Chart With Horizontal Bands - Data

Here are the XY (Scatter), Column, and Line charts of our original data.

Original Chart Without Bands

You can start with a chart containing your original data, and add the bands, or you can follow a somewhat easier approach which starts from scratch, building a banded chart, then adding the original data. I’ll start the tutorial with the second approach. Skip ahead to Adding Bands to Existing Chart if you are not starting from scratch.

Starting From Scratch

Select the data for the bands (the shaded range F1:H8) and create a stacked area chart (not stacked 100% area), with series data in rows.

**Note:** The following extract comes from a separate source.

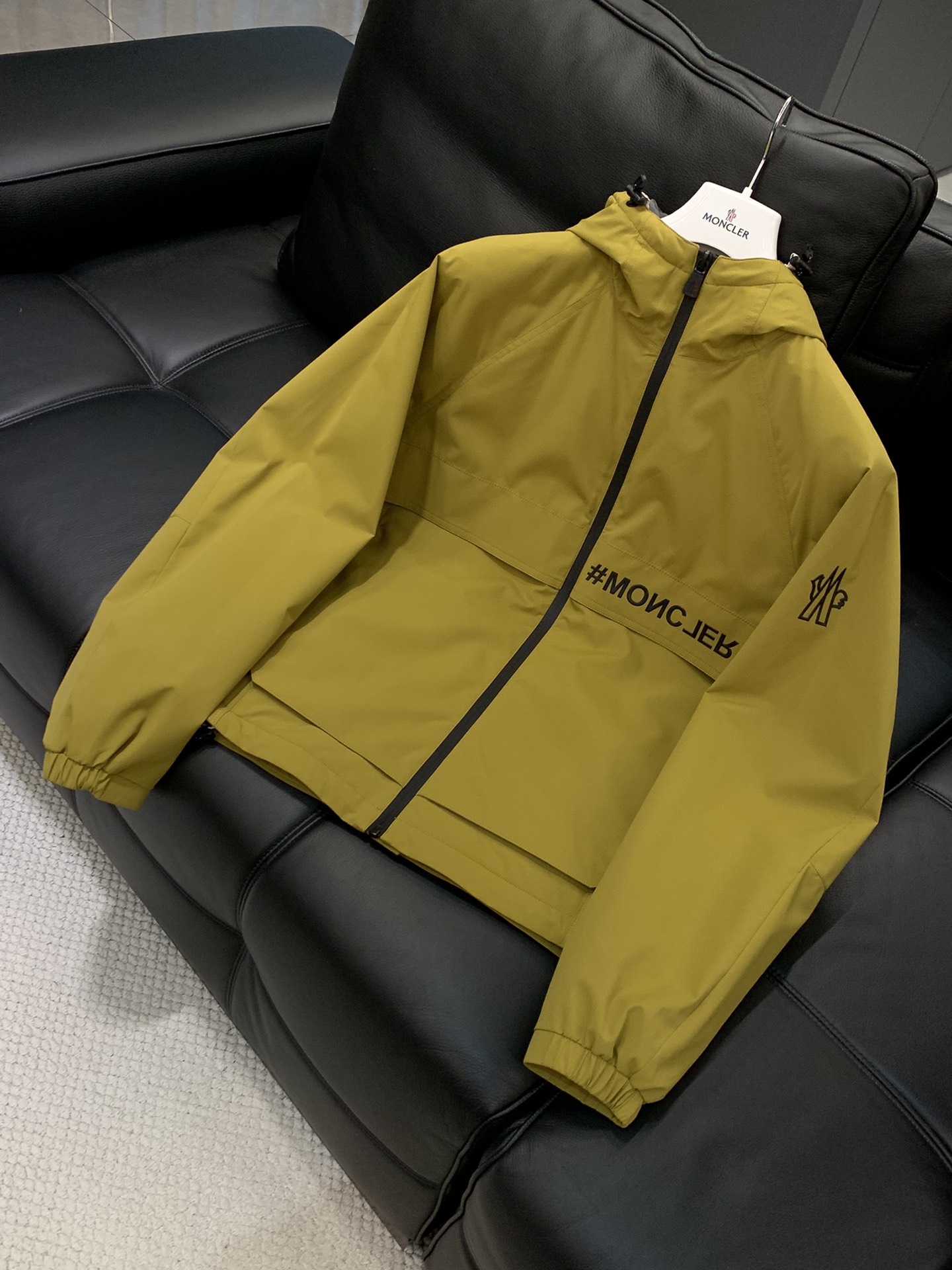 ，Moncler 蒙口，2025秋冬最新品，专柜同步有售，原单狠货，时尚休闲➕薄棉连帽外套，上身舒适！吸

The charts all look the same for a few steps, until we actually have a series thathas either XY, Column, or Line type.

Chart With Horizontal Bands - In Progress

This is as good a time as any to apply your fill colors to the bands. It is best to use light shades, so the bands do not overwhelm the original data.

Chart With Horizontal Bands - In Progress

Copy the original data, select your chart, and use paste special to add the data as a new series. It is added as another stacked area series.

Chart With Horizontal Bands - In Progress

Change the added series to the desired chart type (XY Scatter, Column, or Line). Now the charts assume their unique appearances.

Chart With Horizontal Bands - In Progress

Format the new series and assign it to the secondary axis. This was already done in the first chart when the added series was converted to XY type.

Chart With Horizontal Bands - In Progress

Add a secondary horizontal axis to the chart. This was also done in the first chart when the added series was converted to XY type.

Chart With Horizontal Bands - In Progress

The rest of the protocol is the same as for the case where you start with your original chart and add the bands. Skip the next section, and follow the instructions in Finishing the Chart below.

Adding Bands to Existing Chart

Copy the range with the band data (F1:H8 in our example), select the chart, and use Paste Special to add the data as new series, with data in rows.

Chart With Horizontal Bands - In Progress

One by one, change the chart type of the added series to stacked column (not stacked 100% column). This is the step that is so tedious, you’ll wish you had started from scratch (the above protocol).

Chart With Horizontal Bands - In Progress

Apply your fill colors to the bands. It is best to use light shades, so the bands do not overwhelm the original data.

Chart With Horizontal Bands - In Progress

Format the original series, and assign it to the secondary axis.

Chart With Horizontal Bands - In Progress

Add a secondary horizontal axis to the chart.

Chart With Horizontal Bands - In Progress

Finishing the Chart

Format the primary (bottom) horizontal axis so the crossing axis is positioned on tick marks.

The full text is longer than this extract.